CI/CD job scripts run on the supervisor may use a variety of build tooling, such as:

• Purely OCI containers (don’t use Nix at all).
  • May use Docker Compose or local Kubernetes clusters, so the Docker daemon or CRI-O systemd root units are needed.
• Nix for only build/development shells.
  • CI/CD jobs use nix develop --command bash -c "{build command}".
• Nix as the build system.
  • CI/CD jobs use nix build .#{package}.
• Nix wrappers (e.g. devbox, devenv, flox).
• Nested virtualization (e.g. QEMU, NixOS VM test infrastructure).

OCI container workflows and PCIe device testing are driving most of the complexity here. These are best run with OS supervisors rather than some kind of (nested) virtualization scheme.

On the container side, this is to avoid things like Docker-in-Docker (DinD) which is an unpleasant experience (e.g. local dev talks to localhost:{port} for containers, but CI/CD scripts have to talk to docker:{port} since containers are nested in a sidecar Docker container).

On the PCIe device testing side, this is to avoid setting up PCIe device passthrough (e.g. containerized GPU workloads).

Since OS supervisors are the least painful to use and bring-your-own-disk-image isn’t an option, we’re likely stuck with host configuration overlays as the least painful option.

I’d personally take a step back and check if centralizing CI for such wide use cases makes sense, and even investigate if GitLab CI itself makes sense in this case.

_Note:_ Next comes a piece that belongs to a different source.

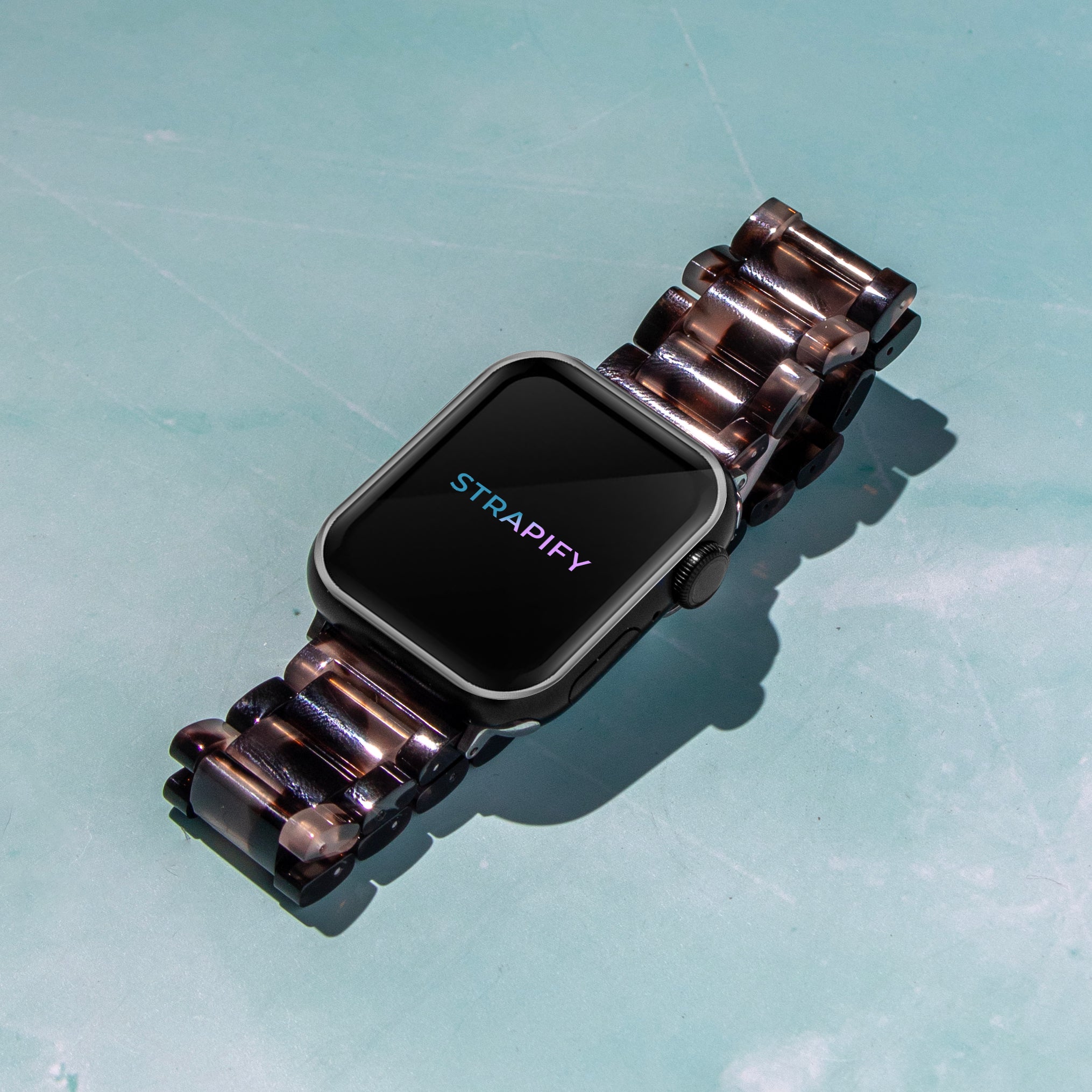 Strapify tortoiseshell dark brown crystallised acetate smartwatch band for Apple Watch on turquoise background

That said, this is very much veering towards the kind of support consultancies will ask incredible amounts of money for, so without investigating the XY problem too much further, yeah, something like the wonky approach I described is your only option to achieve what you’re asking for. You can probably vary this somewhat, but the experience is unlikely to be nice either way.